Lydia Cacho denunció hace ya años una red de pederastia por empresarios corruptos vinculados al poder político. Denunció también, y sigue denunciando, la violencia contra las mujeres, la prostitución forzada, la trata de personas en su país y el tupido entramado de corrupción e impunidad que lo ampara. Desde ese día su vida ha estado en peligro. Lo sigue estando.
Los amos del poder y sus sicarios, los abanderados del desprecio a la vida, los canallas al servicio de la mentira, los miserables de la doble moral, los mercenarios de la calumnia, los malos (porque la maldad existe y tiene nombres y apellidos y rostro) quieren liquidar a Lydia Cacho. No sólo quieren matarla, quieren silenciarla, hundirla, aterrorizarla, enmudecerla, paralizarla. Pero no saben a quien se enfrentan. Lydia es una mujer de las que nunca se dan por vencidas, Lydia es una de esas mujeres cuya dignidad y cuya coherencia están por encima de cualquier amenaza, de cualquier temor, de cualquier oprobio.

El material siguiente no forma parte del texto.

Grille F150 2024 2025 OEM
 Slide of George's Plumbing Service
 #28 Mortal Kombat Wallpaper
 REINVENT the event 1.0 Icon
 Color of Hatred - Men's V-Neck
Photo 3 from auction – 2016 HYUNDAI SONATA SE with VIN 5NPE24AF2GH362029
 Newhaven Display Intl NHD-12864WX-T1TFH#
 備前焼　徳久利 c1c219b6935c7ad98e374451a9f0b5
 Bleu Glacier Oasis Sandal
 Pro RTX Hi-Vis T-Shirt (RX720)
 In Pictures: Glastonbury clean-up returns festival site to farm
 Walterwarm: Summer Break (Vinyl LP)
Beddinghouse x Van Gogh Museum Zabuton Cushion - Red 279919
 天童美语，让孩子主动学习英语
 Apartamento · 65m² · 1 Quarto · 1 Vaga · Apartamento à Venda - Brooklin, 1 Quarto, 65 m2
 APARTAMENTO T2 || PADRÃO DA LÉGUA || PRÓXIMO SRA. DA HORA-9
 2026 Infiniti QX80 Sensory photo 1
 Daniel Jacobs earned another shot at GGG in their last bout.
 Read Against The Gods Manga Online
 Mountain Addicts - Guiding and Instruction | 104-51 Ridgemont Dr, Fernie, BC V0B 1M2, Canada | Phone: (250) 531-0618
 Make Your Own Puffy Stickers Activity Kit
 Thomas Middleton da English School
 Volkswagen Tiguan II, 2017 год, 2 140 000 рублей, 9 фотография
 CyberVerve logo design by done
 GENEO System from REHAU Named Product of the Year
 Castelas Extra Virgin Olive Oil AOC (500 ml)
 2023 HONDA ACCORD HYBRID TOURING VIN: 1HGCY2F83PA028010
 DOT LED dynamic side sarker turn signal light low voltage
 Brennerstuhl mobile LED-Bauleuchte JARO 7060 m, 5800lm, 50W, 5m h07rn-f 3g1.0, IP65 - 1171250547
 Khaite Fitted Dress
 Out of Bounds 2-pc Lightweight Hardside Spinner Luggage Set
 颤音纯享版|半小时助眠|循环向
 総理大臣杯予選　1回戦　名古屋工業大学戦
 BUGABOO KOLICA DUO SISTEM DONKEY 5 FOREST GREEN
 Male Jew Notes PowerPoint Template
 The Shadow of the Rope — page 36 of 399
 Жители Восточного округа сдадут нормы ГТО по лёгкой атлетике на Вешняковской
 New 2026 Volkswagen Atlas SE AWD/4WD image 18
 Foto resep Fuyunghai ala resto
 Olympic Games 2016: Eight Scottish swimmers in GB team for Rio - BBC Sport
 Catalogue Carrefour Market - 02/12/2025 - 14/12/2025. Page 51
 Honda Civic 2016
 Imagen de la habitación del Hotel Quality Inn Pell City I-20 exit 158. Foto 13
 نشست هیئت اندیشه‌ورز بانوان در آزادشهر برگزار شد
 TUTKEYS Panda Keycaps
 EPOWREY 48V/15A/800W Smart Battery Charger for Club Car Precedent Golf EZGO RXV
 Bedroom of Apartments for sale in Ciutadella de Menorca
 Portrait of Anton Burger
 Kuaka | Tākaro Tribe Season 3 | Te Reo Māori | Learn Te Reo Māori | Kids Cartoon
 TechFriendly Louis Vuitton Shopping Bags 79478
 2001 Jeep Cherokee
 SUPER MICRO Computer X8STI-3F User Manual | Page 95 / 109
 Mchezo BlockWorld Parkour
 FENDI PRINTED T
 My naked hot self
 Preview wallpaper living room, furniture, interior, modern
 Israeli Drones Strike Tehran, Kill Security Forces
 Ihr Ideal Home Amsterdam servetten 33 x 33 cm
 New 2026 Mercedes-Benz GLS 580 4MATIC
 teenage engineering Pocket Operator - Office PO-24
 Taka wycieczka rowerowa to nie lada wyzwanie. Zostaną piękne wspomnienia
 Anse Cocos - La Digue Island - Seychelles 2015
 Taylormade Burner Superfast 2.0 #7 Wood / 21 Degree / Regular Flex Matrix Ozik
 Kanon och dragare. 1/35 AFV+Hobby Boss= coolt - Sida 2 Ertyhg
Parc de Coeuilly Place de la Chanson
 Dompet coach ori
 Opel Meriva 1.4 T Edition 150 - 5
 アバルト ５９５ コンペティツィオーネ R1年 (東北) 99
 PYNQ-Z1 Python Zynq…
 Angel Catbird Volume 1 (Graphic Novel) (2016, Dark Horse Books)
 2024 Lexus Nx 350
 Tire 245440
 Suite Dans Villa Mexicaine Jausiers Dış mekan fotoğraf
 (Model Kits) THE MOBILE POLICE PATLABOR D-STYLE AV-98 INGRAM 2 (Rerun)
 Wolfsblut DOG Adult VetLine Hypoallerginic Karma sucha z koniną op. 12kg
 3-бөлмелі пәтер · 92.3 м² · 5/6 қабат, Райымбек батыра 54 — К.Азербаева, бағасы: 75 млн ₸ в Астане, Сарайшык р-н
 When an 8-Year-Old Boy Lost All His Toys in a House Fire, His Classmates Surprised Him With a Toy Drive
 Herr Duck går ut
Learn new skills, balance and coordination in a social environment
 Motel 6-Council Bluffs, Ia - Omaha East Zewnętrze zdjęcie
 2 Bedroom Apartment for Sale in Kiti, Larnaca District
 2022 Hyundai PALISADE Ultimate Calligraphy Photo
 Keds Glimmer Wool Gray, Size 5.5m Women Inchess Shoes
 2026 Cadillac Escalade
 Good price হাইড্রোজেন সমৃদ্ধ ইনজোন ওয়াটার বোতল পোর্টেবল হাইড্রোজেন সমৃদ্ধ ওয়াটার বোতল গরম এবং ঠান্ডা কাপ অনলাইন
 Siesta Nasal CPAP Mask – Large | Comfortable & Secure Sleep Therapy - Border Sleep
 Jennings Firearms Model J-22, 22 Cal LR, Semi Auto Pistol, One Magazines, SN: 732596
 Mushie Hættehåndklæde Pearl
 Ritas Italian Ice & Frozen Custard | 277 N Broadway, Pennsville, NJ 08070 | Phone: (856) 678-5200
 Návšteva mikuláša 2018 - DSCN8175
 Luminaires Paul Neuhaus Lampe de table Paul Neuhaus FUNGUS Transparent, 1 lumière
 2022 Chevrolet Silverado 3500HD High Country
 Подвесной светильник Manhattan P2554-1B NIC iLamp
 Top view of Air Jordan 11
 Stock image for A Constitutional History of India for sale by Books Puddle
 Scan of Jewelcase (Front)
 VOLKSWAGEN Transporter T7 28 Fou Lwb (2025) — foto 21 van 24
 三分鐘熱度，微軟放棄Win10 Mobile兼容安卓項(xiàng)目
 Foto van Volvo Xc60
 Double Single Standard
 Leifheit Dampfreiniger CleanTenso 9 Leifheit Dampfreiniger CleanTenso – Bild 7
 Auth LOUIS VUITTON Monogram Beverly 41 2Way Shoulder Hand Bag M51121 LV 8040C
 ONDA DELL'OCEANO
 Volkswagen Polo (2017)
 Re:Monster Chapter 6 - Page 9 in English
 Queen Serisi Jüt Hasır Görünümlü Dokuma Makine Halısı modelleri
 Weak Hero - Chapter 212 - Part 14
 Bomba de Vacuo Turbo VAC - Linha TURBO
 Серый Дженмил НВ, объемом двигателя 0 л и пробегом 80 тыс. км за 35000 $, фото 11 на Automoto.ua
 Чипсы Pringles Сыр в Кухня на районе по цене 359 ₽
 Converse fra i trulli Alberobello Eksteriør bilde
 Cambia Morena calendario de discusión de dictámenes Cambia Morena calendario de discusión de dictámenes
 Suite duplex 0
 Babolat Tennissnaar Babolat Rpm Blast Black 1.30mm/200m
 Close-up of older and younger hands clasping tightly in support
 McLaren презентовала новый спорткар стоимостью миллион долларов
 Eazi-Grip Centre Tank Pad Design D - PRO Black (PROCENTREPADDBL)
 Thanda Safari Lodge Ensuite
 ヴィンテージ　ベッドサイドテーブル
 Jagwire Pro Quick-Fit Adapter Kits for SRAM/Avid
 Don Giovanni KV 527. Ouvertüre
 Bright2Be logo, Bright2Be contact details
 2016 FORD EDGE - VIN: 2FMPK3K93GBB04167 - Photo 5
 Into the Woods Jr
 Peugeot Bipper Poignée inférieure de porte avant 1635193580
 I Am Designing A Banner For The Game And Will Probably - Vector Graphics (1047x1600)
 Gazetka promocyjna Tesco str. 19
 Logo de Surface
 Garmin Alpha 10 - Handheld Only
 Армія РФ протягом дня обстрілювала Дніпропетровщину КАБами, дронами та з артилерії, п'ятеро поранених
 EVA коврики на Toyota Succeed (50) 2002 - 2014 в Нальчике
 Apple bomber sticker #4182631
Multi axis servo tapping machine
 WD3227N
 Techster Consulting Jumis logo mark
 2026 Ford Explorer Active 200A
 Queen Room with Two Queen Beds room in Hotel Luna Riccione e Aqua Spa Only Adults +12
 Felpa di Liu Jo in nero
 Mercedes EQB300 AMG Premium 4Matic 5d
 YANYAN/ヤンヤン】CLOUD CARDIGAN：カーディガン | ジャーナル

Por desgracia, la lucha de Lydia, la de personas como ella, requiere no sólo voluntad y determinación. En el mundo mercantilista en el que habitamos, en el que se aplica la máxima del “tanto tienes, tanto vales”, también se necesita dinero. En México, como en la mayoría de los países, los sistemas judiciales suelen ser perversos, castigan al pobre y benefician al rico. Entre las causas de la impunidad está también lo costoso que resulta defenderse contra todo el aparato del que disponen los corruptos y sus secuaces.
La Fundación Lydia Cacho respalda a esta periodista y va a respaldar a quienes sean igualmente perseguidos, como ella, por no resignarse, por no doblegarse, por enarbolar la bandera de una justicia que sea justa. Todos los que quieran pueden colaborar. Hay una cuenta bancaria abierta en La Caixa: 21001652510200157784. Se admiten donaciones.